America, Still on Top Baby
America’s finally been declared #1 at something I give a Shit about.
It’s a fact that we’re the most consistent, the youngest, and the best pot-smokers on the planet here in the US of A. Now, a Public Library of Science survey of 17 countries (Holland included) has reaffirmed that fact and also heralded America as numero uno at consuming alcohol, tobacco and cocaine better than any other country. It’s good news, but it basically only confirms something that we all knew already: when it comes to consumption of anything, America is the top dog, baby!

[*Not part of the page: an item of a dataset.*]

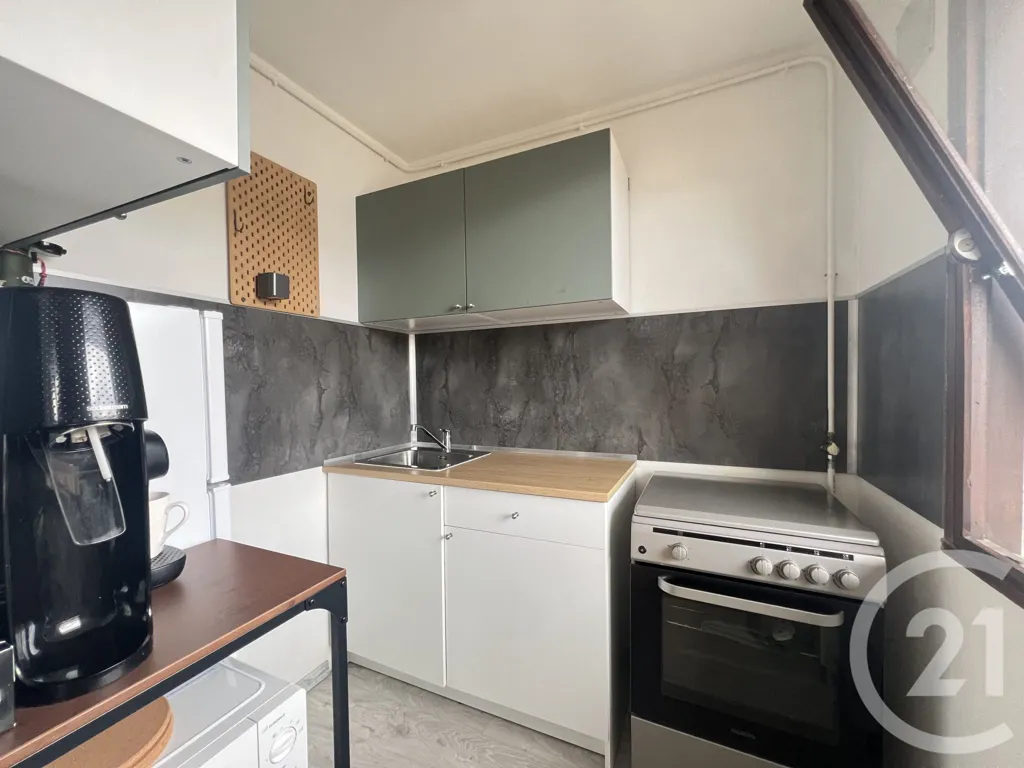 Köök - Meubled 2-Bedroom Flat with Balcony in Grenoble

Obviously the US government does a stellar job of informing the population how much fun drugs and alcohol can be by restricting them as much as tolerable. We’re winning the war on drugs all right – me and you – and we’ve got to keep on raging if we want America to stay on top in this global battle for superiority.
Don’t be daunted; us Metalheads are the best at this. It isn’t the Homolympics. We use different drugs to win this contest. You don’t have to juice your nuts away and run a 5k in 15 seconds or toss a heavy ball or some shit to do your part in this competition. For example, all I gotta do is sit back, blast to some Orange Goblin and spark a doob. Maybe bump a line or two. See if anyone’s got some leaks to sell. I think I lost some crank behind my couch that could still be there. There’s been a sketchball on my street-corner pushin’ doves for a minute now. And holy shit…there’s a needle dangling off of my arm right now that I forgot about! It’s just that easy, and you should do your part, too. Grab a stem and go nuts. For America.
You can check out the survey here, but I have pretty much saved you the trouble. Trust me, it’s boring as fuck.


08/18/2008
fuck michael phelps. swimming isn’t nearly as fun as firing up a bong and falling asleep while watching harold and kumar escape from guantanamo bay.